You were clearly ignorant of this fact. Many, many creationists are, and so they often make this argument (and are often corrected just as I corrected you.)
Now there's nothing wrong or shameful with being ignorant of the scientific meaning of "theory". Most non-scientists are. Everyone is ignorant of a lot of things -- I'm completely ignorant when it comes to auto transmissions, or your particular sub-sect of Judaism, for example. But what is wrong is starting from a basis of ignorance in a topic and inventing/repeating random claims about that topic.
I think that about covers it. A few random notes:
I'm not sure why you seem to have a weird issue with generalizations. We're talking about broad categories of people here;
of course we're going to be generalizing -- the question is whether they're accurate generalizations or not. You don't seem to like mine, probably because you feel they reflect poorly on your views (or you didn't really read my post and
think I'm attacking your views, when I'm not). If you think they're wrong, you're free to offer evidence to that effect. So far all I've seen is indignation.
Note that scientists
do agree on an
immense amount of what's known about the history of life on Earth, evolution, etc. After all, it's not like you go to Cambridge and learn one set of facts, then another at Harvard, another at IIT, and so on! That's one of the differences between science and (say) religion. The basics are well-established and agreed-on by
almost everyone. (There are a handful of crackpots everywhere, I'd guess -- definitely in physics.) Of course there are lots of things different researchers disagree on -- those are things on the frontiers of research, that are
not certain! You'll find lots of topics in evolution like that. (For example, did modern humans emerge from Africa ~80,000 years ago, or did they evolve globally from the hominids present worldwide from almost ~1,000,000 years ago?) But you won't find disagreement on things like "did humans evolve" or "is matter made out of atoms" -- those were settled long ago.

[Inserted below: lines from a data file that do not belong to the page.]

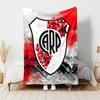 1pc Blanket - Club Atlético River Plate Print Design, Lightweight Blanket for Sofa, Bed- Soft &Warm, Gift for All Seasons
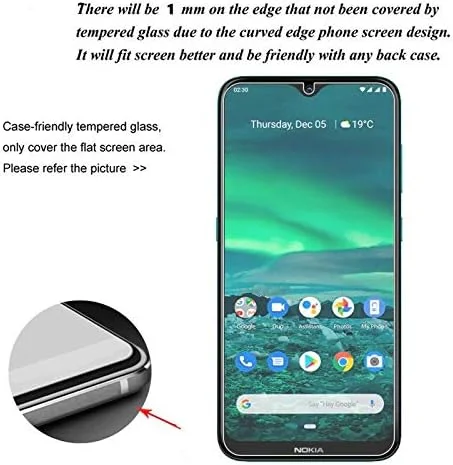 محافظ صفحه نمایش شیشه ای حرارت دیده Muzz برای نوکیا 2.3 (2019) محافظ صفحه نمایش شیشه ای حرارت دیده Muzz برای نوکیا 2.3 (2019)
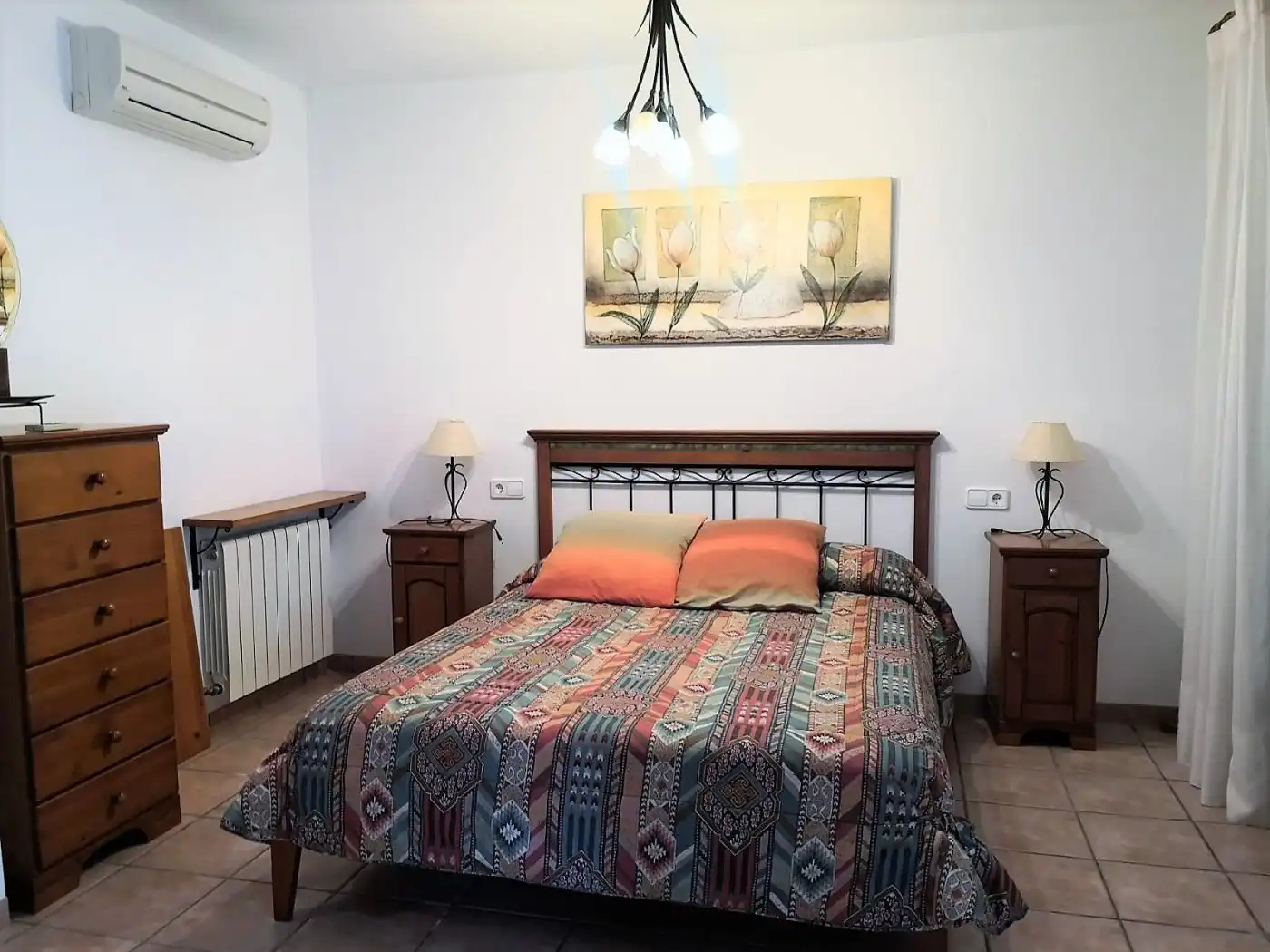 Dormitori de Casa adosada de lloguer en Felanitx amb Aire condicionat, Calefacció i Terrassa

If one talks about scientists one might consider Einstein as a sort of watermark. Einstein was a theist.
This is wrong. You can easily verify it by looking at the Wikipedia entry for Einstein or any other decent source. Einstein often threw around the term God, but he always was clear in that he meant a "feeling of transcendence" or "the mystery of the universe" or somesuch. He most emphatically did not believe in a personal god, such as the deities in Christianity, Islam, Judaism, etc. Please, go look up it.

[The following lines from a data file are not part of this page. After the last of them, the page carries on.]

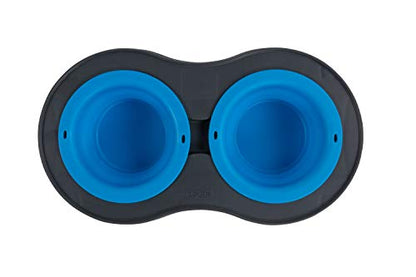 Dexas Pets Double Elevated Pet Feeder, 2.5 Cup Bowls, Pro Blue (PW1104322194) - color: Pro Blue, size: Large/2.5 Cup Capacity Bowls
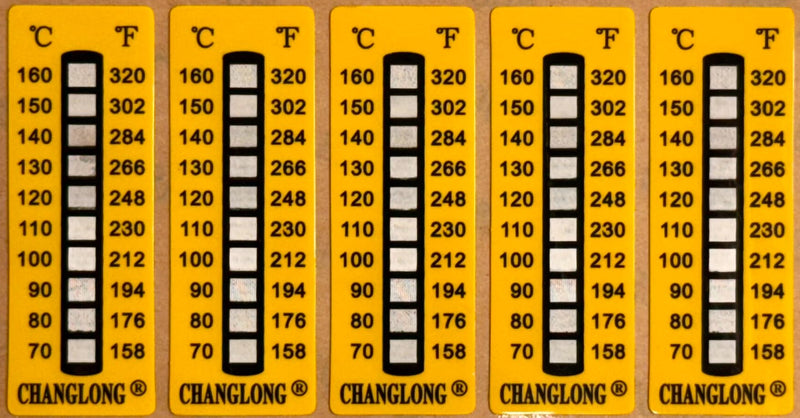 [Australia - AusPower] - High Temperature Measurement Sticker, Temp Dot B/C, 158°F (70°C) to 320°F (160°C) 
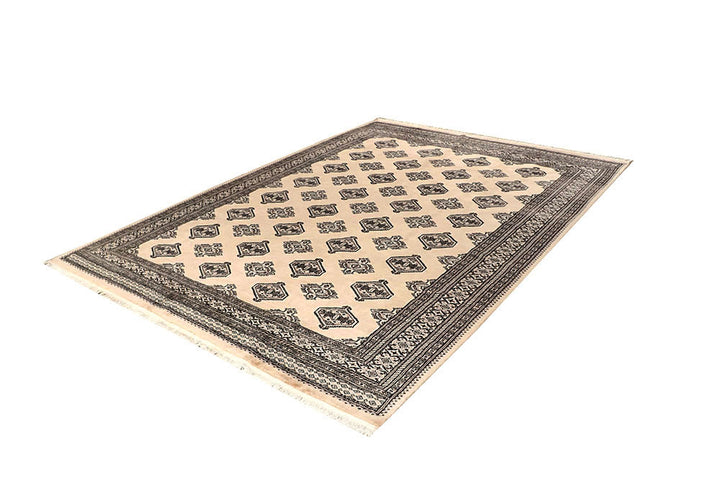 Bisque Bokhara 6' 9 x 8' 11 - No. 60213 - ALRUG Rug Store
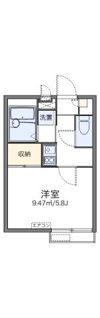 レオパレスウッドベルの間取り画像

"Look at all the Creationists on BL and THEY are the ones who believe they know enough to challenge Evolutionists!": Yes, because a Harm Reduction site attracts so many Creationism experts.
Oh, this pattern isn't unique to BL; you see it pretty much everywhere creationists pop up. BL is just convenient. I've talked with / debated creationists all over the place, online & off, in various venues, and BL's archives are not atypical. You could just as easily look at standard creationist videos or tracts.
"Most Creationists are intelligent, just not reasobale ot knowledgeable...": No "arrogance" there...

Oh, that's not arrogance. Arrogance would be if I said
I was exceptionally reasonable & knowledgeable -- or at a minimum, if I said that all people who accepted evolution were all exceptionally reasonable & knowledgeable. (They're not, BTW.) This is just a negative judgment of another group.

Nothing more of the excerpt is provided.